After completing his studies at the University of Ioannina and the Ludwig-Maximilian University of Munich (Dr.Phil.), Stavros Vlizos first worked as a contract archaeologist at the Ministry of Culture (1997-2001) and then as a researcher and scientific associate at the Benaki Museum (2002-2013). As an Associate Professor, he teaches a wide range of courses in Museology and Archaeology in the Department of Archives, Library Studies and Museology at Ionian University. He is director of the Amykles Research Project, associate of the Athens Archaeological Society, corresponding member of the German Archaeological Institute, and co-founder of the Athens “Roman Seminar.” His research interests and publications refer to issues of promotion and management of cultural heritage and archaeological goods, as well as topics highlighting the material culture of Ancient and Roman Greece and the importance of ancient sanctuaries diachronically.

Vicky Vlachou studied History, Archaeology and History of Art at the University of Athens.
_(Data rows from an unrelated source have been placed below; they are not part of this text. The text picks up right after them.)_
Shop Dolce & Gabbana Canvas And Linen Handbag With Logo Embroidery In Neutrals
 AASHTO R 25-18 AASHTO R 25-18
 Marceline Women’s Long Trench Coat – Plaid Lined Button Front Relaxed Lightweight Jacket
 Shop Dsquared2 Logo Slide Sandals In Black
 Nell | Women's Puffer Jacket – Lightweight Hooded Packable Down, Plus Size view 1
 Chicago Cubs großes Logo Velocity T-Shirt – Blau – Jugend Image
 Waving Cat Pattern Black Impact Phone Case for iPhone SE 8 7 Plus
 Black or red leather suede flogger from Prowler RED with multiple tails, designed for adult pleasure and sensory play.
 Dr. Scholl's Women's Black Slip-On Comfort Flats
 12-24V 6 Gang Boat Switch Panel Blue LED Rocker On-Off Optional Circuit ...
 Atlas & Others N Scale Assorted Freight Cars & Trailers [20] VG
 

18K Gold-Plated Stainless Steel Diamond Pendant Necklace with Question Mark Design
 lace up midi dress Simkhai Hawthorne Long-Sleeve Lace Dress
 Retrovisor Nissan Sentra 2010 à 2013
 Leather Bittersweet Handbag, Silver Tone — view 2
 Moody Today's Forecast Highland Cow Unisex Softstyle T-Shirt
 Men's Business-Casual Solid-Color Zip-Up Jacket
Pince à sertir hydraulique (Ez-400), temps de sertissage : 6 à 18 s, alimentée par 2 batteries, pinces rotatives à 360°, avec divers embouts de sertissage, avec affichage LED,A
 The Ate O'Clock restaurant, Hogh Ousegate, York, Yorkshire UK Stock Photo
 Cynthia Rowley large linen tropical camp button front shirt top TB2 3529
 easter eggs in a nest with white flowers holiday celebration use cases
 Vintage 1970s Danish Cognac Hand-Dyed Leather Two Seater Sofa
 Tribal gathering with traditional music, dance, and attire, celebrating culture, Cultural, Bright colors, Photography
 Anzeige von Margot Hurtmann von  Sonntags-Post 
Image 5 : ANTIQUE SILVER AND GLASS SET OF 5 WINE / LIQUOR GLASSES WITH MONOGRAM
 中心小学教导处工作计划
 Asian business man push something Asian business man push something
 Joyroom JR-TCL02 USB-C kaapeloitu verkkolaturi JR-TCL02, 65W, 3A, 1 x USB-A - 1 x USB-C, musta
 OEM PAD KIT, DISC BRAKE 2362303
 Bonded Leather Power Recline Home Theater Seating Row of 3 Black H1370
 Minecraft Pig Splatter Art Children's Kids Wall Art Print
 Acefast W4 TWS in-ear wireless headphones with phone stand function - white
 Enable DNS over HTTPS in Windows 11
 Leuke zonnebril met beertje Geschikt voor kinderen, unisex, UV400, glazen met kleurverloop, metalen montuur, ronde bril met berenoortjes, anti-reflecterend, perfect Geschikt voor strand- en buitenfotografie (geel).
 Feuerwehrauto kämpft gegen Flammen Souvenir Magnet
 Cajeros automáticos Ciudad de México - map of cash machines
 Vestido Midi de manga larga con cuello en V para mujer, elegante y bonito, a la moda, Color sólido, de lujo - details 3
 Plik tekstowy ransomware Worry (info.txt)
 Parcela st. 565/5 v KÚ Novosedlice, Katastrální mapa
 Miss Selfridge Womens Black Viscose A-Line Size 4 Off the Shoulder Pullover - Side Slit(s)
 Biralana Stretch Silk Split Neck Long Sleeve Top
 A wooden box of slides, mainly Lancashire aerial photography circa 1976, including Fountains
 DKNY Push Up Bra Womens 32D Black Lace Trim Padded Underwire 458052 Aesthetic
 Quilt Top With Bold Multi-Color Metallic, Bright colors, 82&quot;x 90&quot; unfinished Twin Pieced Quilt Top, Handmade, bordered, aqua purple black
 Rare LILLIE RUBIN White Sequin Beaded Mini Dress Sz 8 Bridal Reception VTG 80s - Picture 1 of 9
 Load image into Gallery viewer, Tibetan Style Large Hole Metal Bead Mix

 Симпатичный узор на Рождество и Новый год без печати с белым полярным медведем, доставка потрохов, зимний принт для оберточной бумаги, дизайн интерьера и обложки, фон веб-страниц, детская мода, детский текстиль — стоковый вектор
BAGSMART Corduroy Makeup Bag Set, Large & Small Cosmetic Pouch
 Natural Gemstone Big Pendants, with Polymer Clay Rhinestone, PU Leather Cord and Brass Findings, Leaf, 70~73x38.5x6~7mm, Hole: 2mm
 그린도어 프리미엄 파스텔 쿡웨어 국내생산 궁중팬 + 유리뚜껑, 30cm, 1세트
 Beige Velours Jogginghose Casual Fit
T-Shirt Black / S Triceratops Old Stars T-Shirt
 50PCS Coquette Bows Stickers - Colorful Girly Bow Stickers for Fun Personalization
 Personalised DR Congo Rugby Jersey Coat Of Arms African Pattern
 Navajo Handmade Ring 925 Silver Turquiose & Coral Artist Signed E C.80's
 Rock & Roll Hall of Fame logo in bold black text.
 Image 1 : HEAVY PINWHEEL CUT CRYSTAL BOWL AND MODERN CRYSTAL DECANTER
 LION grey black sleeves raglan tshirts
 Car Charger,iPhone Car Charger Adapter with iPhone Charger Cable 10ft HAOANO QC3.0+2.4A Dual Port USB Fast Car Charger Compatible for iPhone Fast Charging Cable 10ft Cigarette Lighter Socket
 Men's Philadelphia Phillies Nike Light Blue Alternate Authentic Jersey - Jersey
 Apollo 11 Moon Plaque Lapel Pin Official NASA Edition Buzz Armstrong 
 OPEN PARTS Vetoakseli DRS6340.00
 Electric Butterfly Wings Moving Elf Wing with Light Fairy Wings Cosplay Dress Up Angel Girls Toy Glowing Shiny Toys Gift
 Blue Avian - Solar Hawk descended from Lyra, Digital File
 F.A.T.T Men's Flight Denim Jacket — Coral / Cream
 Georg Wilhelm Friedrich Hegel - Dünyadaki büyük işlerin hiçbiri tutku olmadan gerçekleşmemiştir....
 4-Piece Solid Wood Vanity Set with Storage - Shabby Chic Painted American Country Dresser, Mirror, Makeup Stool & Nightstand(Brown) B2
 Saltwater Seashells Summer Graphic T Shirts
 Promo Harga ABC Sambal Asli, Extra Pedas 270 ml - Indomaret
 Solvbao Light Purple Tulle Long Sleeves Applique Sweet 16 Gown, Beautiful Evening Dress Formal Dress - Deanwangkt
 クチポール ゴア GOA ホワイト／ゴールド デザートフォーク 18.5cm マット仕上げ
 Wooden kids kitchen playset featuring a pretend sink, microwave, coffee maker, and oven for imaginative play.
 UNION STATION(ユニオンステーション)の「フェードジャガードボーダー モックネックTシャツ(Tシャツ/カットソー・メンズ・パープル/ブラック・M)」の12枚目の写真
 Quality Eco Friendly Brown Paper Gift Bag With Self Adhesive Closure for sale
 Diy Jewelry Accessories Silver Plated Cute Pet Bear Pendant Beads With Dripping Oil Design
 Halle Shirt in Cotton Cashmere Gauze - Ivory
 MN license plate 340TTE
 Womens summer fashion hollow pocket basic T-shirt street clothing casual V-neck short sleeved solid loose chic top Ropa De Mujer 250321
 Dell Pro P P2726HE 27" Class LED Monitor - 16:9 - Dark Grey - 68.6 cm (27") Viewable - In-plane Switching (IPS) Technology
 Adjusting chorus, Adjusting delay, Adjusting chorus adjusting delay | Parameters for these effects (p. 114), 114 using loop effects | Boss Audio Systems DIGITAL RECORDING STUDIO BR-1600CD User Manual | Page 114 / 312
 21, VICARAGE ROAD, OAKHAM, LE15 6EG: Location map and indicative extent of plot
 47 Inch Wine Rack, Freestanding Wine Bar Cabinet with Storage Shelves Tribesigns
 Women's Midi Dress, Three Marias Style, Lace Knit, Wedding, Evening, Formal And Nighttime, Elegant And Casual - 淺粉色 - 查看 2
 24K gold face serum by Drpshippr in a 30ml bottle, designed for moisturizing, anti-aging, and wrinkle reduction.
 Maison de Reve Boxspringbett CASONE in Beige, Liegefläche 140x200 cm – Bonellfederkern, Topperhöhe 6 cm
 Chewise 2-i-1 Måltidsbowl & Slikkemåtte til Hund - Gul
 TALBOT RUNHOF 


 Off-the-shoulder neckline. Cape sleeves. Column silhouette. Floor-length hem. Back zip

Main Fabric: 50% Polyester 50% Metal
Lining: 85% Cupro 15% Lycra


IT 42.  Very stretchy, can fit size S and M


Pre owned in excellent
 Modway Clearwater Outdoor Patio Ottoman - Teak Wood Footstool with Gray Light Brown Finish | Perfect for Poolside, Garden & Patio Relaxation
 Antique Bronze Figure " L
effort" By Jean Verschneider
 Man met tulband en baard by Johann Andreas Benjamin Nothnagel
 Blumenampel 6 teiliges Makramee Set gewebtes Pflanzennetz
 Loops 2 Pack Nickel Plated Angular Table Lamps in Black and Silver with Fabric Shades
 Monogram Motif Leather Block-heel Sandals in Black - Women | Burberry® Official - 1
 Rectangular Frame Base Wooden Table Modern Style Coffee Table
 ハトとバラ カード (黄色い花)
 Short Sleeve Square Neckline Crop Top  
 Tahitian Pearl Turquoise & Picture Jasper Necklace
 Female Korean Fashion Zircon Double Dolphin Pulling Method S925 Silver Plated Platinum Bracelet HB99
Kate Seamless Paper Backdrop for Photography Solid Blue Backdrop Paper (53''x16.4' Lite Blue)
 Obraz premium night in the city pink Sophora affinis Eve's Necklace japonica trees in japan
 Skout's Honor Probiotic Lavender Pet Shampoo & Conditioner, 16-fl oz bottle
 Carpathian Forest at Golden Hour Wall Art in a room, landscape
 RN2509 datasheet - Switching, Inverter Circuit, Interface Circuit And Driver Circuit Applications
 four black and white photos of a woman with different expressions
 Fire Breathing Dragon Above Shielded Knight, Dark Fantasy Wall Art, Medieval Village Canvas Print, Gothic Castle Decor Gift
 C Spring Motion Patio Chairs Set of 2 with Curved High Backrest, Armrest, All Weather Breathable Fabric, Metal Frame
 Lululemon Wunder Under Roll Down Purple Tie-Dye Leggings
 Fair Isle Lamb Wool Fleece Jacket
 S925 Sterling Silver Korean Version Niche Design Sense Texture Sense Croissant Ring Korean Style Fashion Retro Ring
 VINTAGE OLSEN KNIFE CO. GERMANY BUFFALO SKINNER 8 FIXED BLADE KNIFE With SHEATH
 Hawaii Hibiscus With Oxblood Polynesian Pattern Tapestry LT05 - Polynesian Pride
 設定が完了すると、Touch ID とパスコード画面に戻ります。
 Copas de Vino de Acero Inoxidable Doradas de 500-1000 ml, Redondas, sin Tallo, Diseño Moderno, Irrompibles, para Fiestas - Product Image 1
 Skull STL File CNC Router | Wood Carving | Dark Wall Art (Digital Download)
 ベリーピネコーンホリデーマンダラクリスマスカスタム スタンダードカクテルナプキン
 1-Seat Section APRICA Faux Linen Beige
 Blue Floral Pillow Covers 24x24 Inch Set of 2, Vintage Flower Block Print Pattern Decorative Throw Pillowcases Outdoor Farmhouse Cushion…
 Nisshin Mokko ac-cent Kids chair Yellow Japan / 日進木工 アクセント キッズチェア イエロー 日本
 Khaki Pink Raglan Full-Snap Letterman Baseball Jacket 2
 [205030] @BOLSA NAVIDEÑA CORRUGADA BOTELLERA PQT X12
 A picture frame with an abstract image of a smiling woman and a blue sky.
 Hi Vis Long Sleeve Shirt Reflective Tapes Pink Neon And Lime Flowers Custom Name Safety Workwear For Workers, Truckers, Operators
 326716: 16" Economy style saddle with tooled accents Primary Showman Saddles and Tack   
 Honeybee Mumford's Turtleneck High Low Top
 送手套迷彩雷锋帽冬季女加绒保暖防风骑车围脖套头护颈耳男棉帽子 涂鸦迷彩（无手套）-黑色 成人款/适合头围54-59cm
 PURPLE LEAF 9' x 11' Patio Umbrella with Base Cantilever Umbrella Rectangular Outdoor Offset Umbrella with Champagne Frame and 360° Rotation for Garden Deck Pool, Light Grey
She is currently a scientific member (Belgian) at the École française d’Athènes (EfA, membre). She is a scholar of the Early Iron Age Aegean (ca. 1000-600 BC). Her doctoral thesis (2010) was awarded the G.P. Oikonomos prize of the Class of Letters and Fine Arts of the Academy of Athens. She is a member of fieldwork and publication projects at Xobourgo on Tenos (Cyclades), Amykles (Sparta), Itanos, and Anavlochos (Eastern Crete). She is the editor of the collective volume Pots, Workshops and Early Iron Age Society: Function and Role of Ceramics in Early Greece (Études d’archéologie 8, Brussels 2015).